- The Washington Times - Wednesday, April 10, 2013


Fisker Automotive, the hybrid carmaker based in Anaheim, Calif., announced Friday that it would lay off 75 percent of its workforce, a sign the onetime darling of the “greens” is sputtering toward the end of the road. This story grows ever more familiar.

Henrik Fisker designed some of the most attractive cars on the road, notably the Aston Martin DB9. So when Mr. Fisker came up an idea for his own car that would align perfectly with President Obama’s green-energy investment strategy, it seemed to be a match made in automotive heaven. Taxpayers would put up the capital and bear the risk, and the marketplace could “catch up” and accept electric cars. This is the strategy crashing into a ditch.

In 2009, Vice President Joe Biden told a crowd of politicians and union members assembled in Delaware that Fisker, with a $500 million government startup loan, would take over an abandoned General Motors plant and build a dream car. “Thanks to a real commitment by this administration, loans from the Department of Energy, the creativity of U.S. companies and the tenacity of great state partners like Delaware,” he said, “we’re on our way to helping America’s auto industry reclaim its top position in the global market.” Delaware’s “commitment” included $12.5 million in state economic development loans and $9 million to retool the abandoned plant with the promise that Fisker would hire up to 2,000 workers to manufacture the $100,000 electric-hybrid luxury car.

The company did hire workers, most of whom lived in Finland, where the Fisker Karma was actually produced. The Energy Department ultimately barred the company from drawing the remaining $336 million of the loan owing to persistent production delays. Much of the blame could be placed on Fisker’s battery maker, A123 Systems — another “green” loan recipient that went belly up.

The Energy Department’s website still praises Fisker Automotive. An Energy Department spokesman dismisses critics of the scheme of spending the people’s money on visionary domestic carmakers. “They were wrong then, and they’re wrong today. From well-established names like Ford to innovative startups like Tesla and Fisker, America’s auto industry is being reinvented, and the department’s loan program is helping play an important role.”

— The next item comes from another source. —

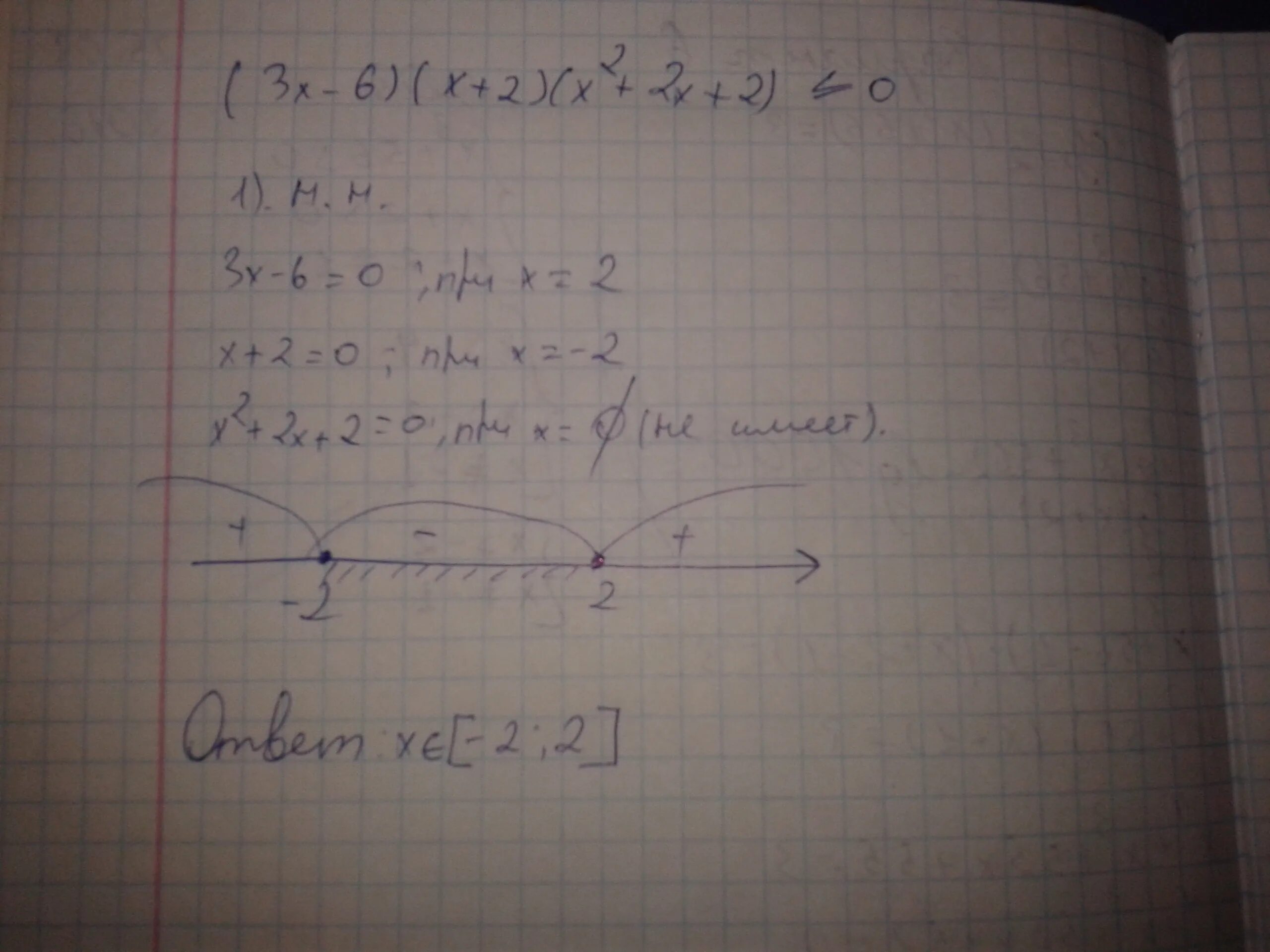 3х 2 6 х решение. Неравенство которое не имеет решений. Укажите неравенство которое не имеет решений х^2 -2х -65. Укажите неравенство которое не имеет решений. Укажите неравенства которые не имеют решения х2+78.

There’s no doubting the importance of that role. Fisker raised more than $1 billion from private investors, making it less clear why taxpayers had to chip in. It’s government loans and not private investors’ dollars that are now an anvil around the neck of the sinking company. Payment on the Energy Department loan is due on April 22, and most investors or potential buyers aren’t likely to help unless the terms of the loan are renegotiated. Henrik Fisker is gone from the company, amid speculation that he squabbled with other top executives about whether the company should spurn government subsidies and not draw on the remainder of the federal loan.

The fiasco illustrates the folly of thinking the government can create a sustainable market. If consumers wanted electric cars, automobile manufacturers would build the cars. The buyers for the six-figure hybrid were social activists, Hollywood stars who want to show they are “saving the planet” and politicians who think they’re smarter than the marketplace.The most astute observer of this phenomenon may be Bob Lutz, the former chairman of General Motors, who so admired the Fisker Karma’s exterior beauty that he special-ordered a number of the cars — without the electric motors. In their place, Mr. Lutz intends to drop a politically incorrect, 638-horsepower Corvette engine. That will drive Al Gore crazy, but taxpayers won’t be paying for them.